Riddle Me This, Riddle Me that, are Millennial Big Ol’ Brats?

Riddle me this millennials: a graduate needs experience in order to obtain a job, but they cannot get a job without experience. A graduate needs to move out of your parents, but can’t move out of their parents, until they move in with their parents. These have been the cultural conundrums that have puzzled a generation. Perplexing: yes. Unsolvable: never.

Millennials are entitled egotists and social snobs that want to be rewarded for laziness. They grow up behind screens; plugged in to the society’s machine.
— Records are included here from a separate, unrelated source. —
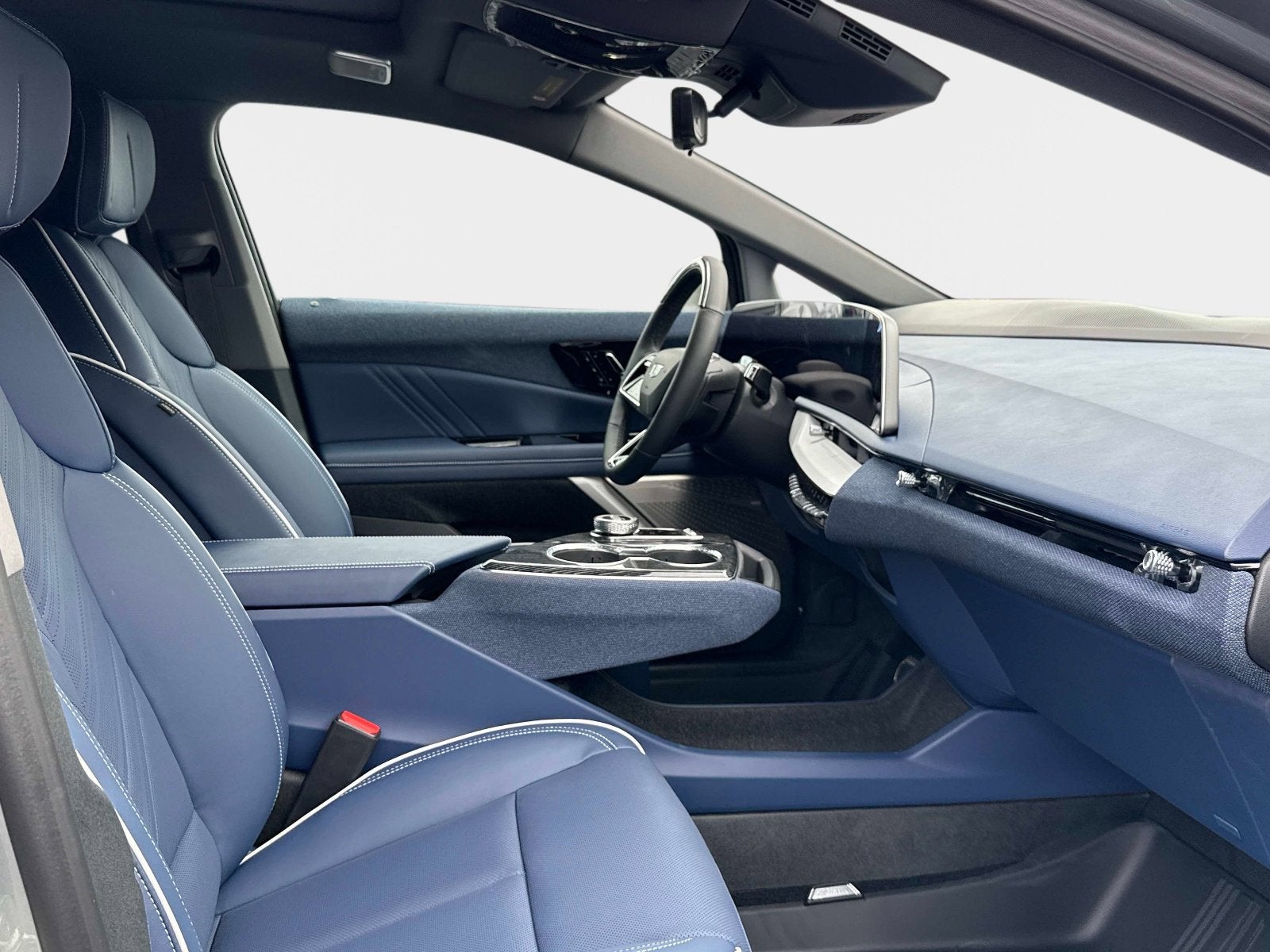 2025 Cadillac OPTIQ Luxury 2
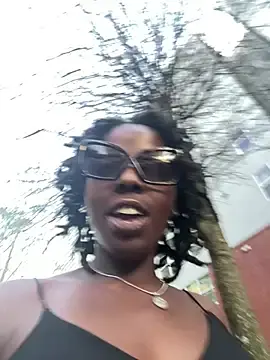 Stripchat Free Porn Cam of choclatepeaach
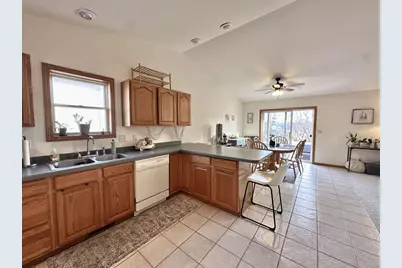 109 Jennifer Lane, Fall River, WI 53932 - Photo 5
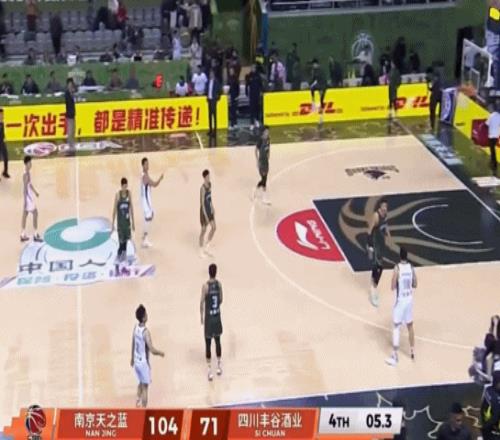 青岛马拉松,日盛大开启,首发纪念号,万博manbetx体育平台,万博体育官网,万博体育app下载,ManBetX,SPORTS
They go to school to get useless degrees and acquire copious amounts of debt. And for what? So they can spend day after day sitting in their parent’s basement fueled only by Netflix and ideas of grandeur? Hopeless, useless, jobless saps! I don’t care if you don’t like the traditional 9-5 jobs. I don’t care if it doesn’t fit your process. When I lost my job did I wallow in a pool of my own self-pity? —no. Did I move in with my parents? Are you kidding me? —Despite what those Arkham morons say, I’m not that crazy. Instead, I pulled myself up from my boots straps and took matters into my own hands. I acted, which is more than most of you can say. I learned more, tried more, and was more. If knowledge is power, I am a god!

The answer that titillates the vacant space between a millennials’ skull and brains is simple: get a job! Any job. Work harder, be smarter, live larger. Do what you gotta do. Willpower and determination will do more than binge-watching Daredevil and making dream boards. Silly millennials, dreams are for kids!

Was that over the top? I can never tell.

P.S. Help wanted: Unpaid internship. Looking for a sidekick. Someone who will blindly follow without asking question.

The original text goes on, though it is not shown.